Олаф усмехнулся — похоже, ему тоже казались странными здешние обычаи.
— Это считается добрым знаком. А женщина становится желанной невестой. По крайней мере, все знают, что она не…
Плеснула вода, и чудище вылетело на берег. Длинное тело на кривых нелепых лапах, огромная вытянутая пасть, волочащийся позади треугольный хвост… оно казалось бы смешным, если бы не двигалось с невероятной скоростью. Впрочем, козленок оказался быстрее — выдрал кол с привязью и был таков — только клацнули за спиной страшные зубы. Зверь пробежал за ним пару саженей и остановился — похоже, он был способен лишь на короткие рывки. Увидел новую добычу. Бросился.

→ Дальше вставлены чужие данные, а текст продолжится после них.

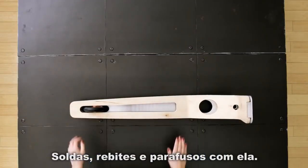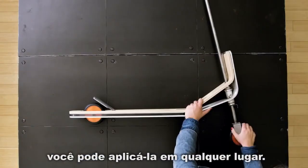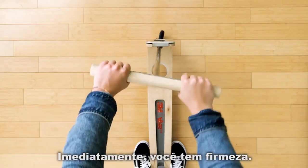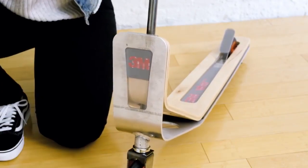You can replace mechanical fasteners with it. It's so clean and simple you can apply it anywhere. You bond it and it's done — immediately you've got strength.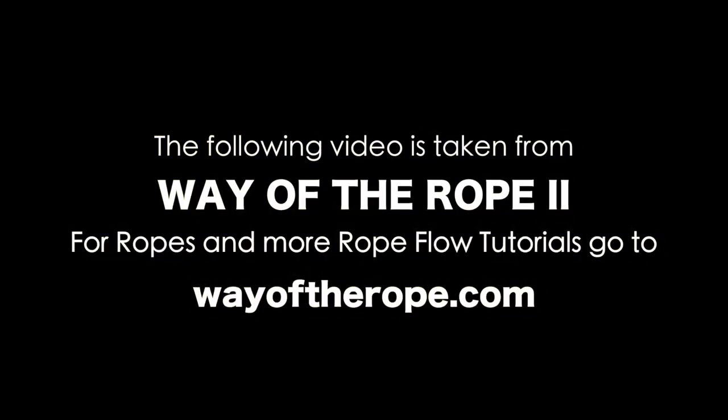The following is taken from Way of the Rope 2. For ropes and more rope flow tutorials, go to wayoftherope.com.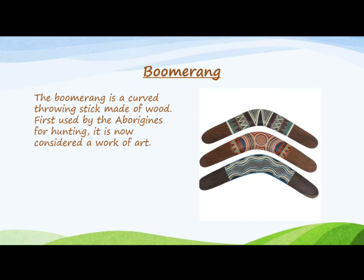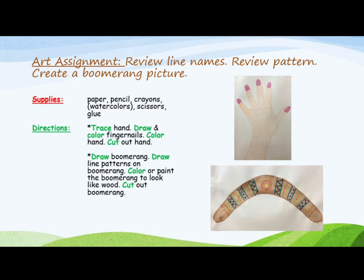The boomerang is a curved throwing stick made of wood, first used by the Aborigines for hunting. It is now considered a work of art. For this art assignment, you will review line names, review pattern, and create a boomerang picture.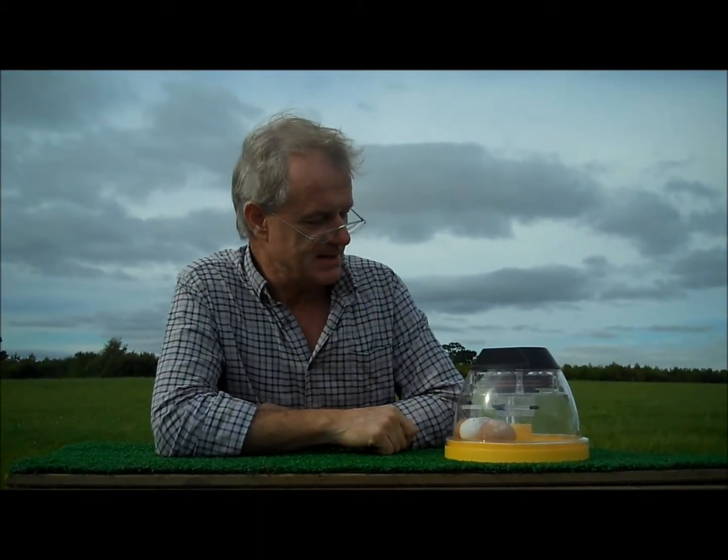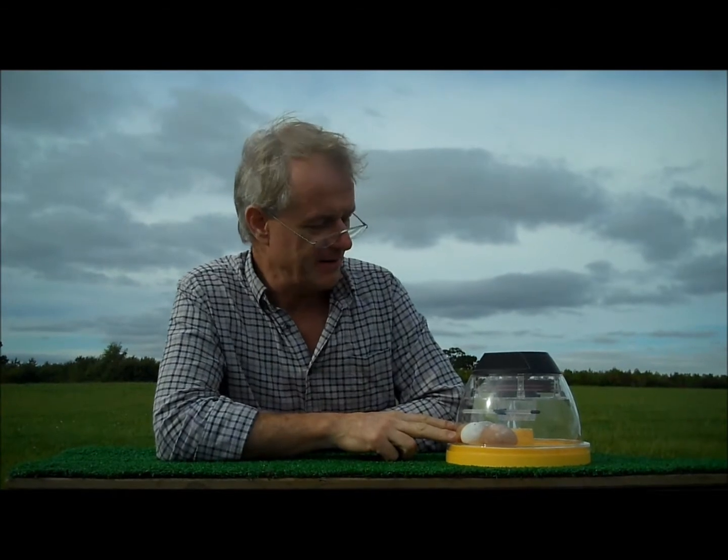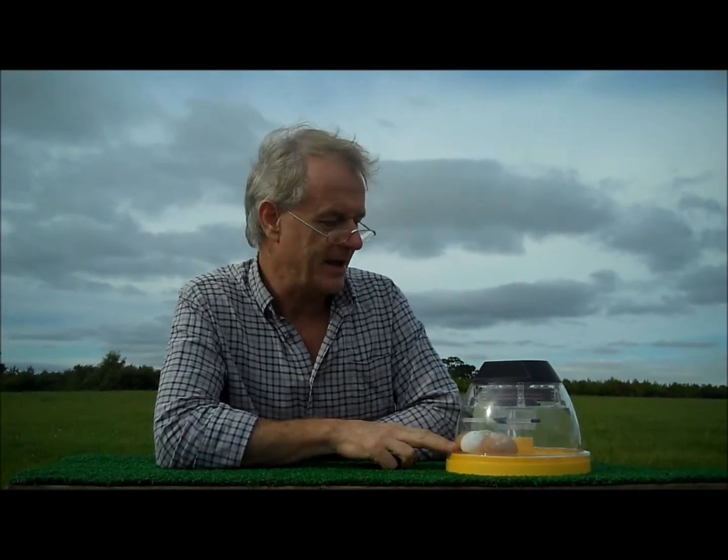This is the Mini Eco Incubator. It holds up to about 10 eggs — 10 chicken eggs, probably a few less duck eggs.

Друзья отшатнулись в разные стороны, пропуская тварь. И тут же, в полуобороте Сигват достал ее мечом по хребту. Ударил еще раз. Чудище забилось в конвульсиях, потом затихло. Воин сплюнул:
— Делов-то. Пока ждали, устал больше.
— Здесь седьмицу назад торговцы проезжали. — Заметил Олаф. — Везли диковинных зверей государю. Похоже, от них и удрал.
Он пошевелил дохлого гада сапогом:
— Все в деревню не потащим.
Сигват кивнул, отсек чудищу голову и сунул в захваченный предусмотрительным спутником мешок.
Староста долго разглядывал трофей, трогал здоровенные зубы, что-то лепетал на своем языке, качая головой. Потом расплатился, не торгуясь, предложил разделить трапезу. Сигват тоже не стал мелочиться, пересчитывая содержимое кошеля — просто забросил его в мешок. Отказываться от еды не годилось, но на предложенную выпивку воин зыркнул исподлобья, и потребовал кваса.
Олаф тем временем в застольной беседе пытался разузнать подробности ритуала. К великому облегчению обоих, никаких свидетелей не предполагалось — а вдруг боги решат обрушить свой гнев на безвинного наблюдателя? Пока шаман читает обереги над мужчиной, женщины готовят девушку. Потом двое проводят наедине столько времени, сколько сочтут нужным. Единственным доказательством содеянного считалась испачканная простыня.